The term CSV stands for Comma Separated Values. A CSV format file allows data to be saved in a tabular structure with a .csv extension. CSV files have been used extensively in e-commerce applications because they are considered very easy to process. Some of the areas where they have been used include:

  • importing and exporting customer data
  • importing and exporting products
  • exporting orders
  • exporting e-commerce analytic reports

Reader and Writer Functions

The csv module has several functions and classes available for working with CSV files. Lets begin by learning how to use the reader() and writer() functions.

csv.reader

This function returns a reader object which iterates over all the lines in the given CSV file. The csv.reader() function takes the following parameters:

  • csvfile: The first parameter can be any object which supports the iterator protocol and returns a string each time its __next__() method is called.
  • dialect='excel': An optional parameter used to define a set of parameters specific to a particular CSV dialect. It is set to excel by default. You can get the name of all the registered dialects by calling the list_dialects() function.
  • fmtparams: The third parameter indicates that you can optionally pass multiple keyword arguments. They are useful for overriding the individual formatting parameters in the current dialect.

Here is a very simple example showing how to use the csv.reader() function.

Did you notice the newline='' passed to open() while opening example.csv?

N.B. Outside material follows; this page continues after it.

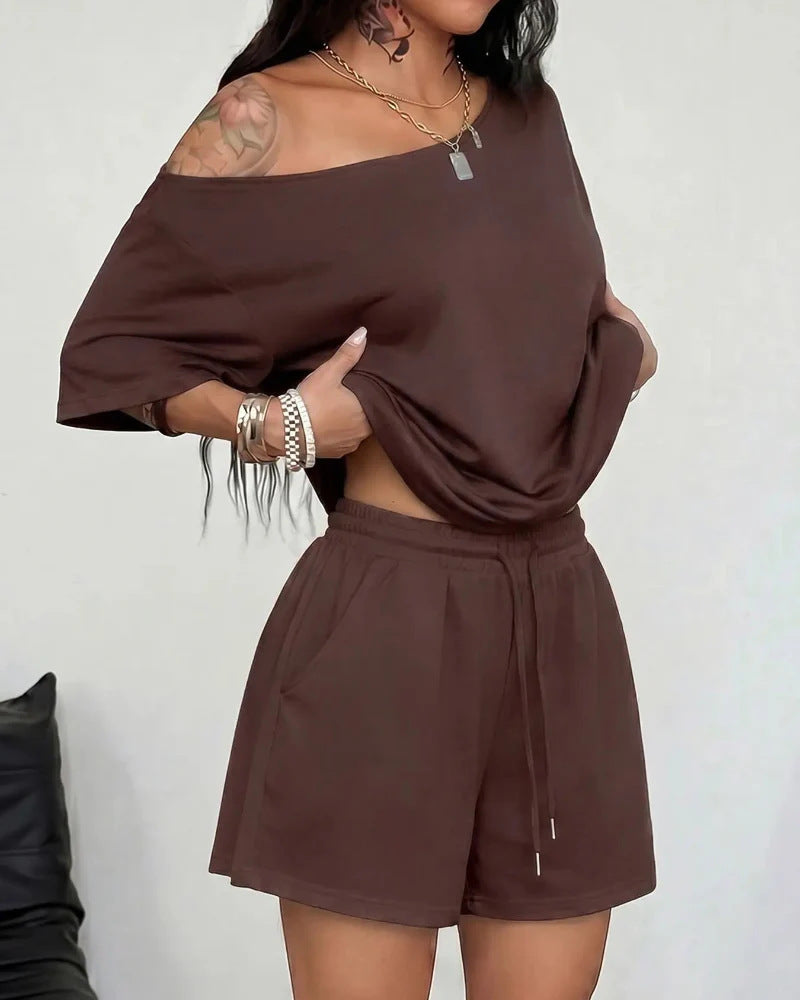 Solid-Color Sporty Loose-Fitting Shorts Two-Piece Set - product image 4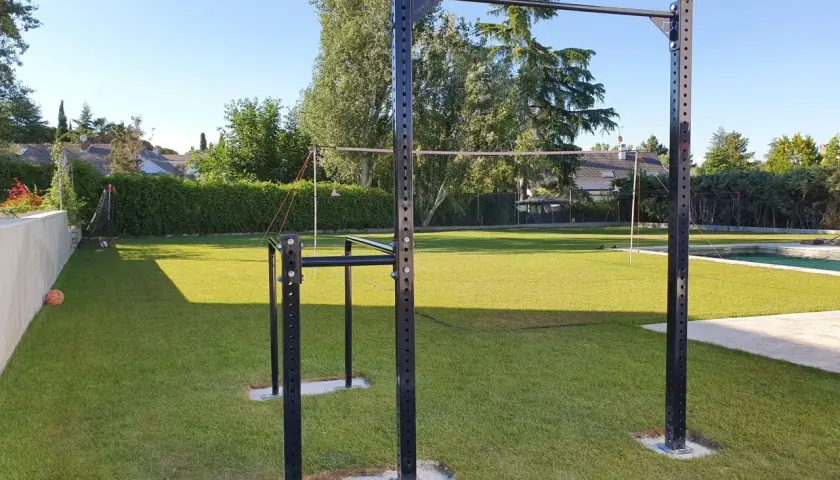 Las mejores barras de calistenia para entrenar en casa y evitar lesiones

That’s ideally how you should open a csvfile object if it is a file.

csv.writer

This function returns a writer object that has a bunch of helper methods to help you write your data into the CSV file. This function is similar to the csv.reader() function. It takes the following parameters:

  • csvfile: This can be any object with a write() method. Again, you should open it using the newline='' parameter if it is a file object.
  • dialect='excel': An optional parameter used to define a set of parameters specific to a particular CSV.
  • fmtparam: This just indicates that you can pass a bunch of optional keyword arguments to override the behavior of the current dialect.

DictReader and DictWriter Classes

The DictReader and DictWriter classes from the csv module are also helpful for reading and writing to CSV file. Although they are similar to the reader and writer functions, these classes use dictionary objects for reading and writing the data.

DictReader

The DictReader class creates an object which maps the information in each row of the given file to a dictionary whose keys can be specified by the optional fieldnames parameter. If you omit the fieldnames parameter, the values in the first row will be used as keys.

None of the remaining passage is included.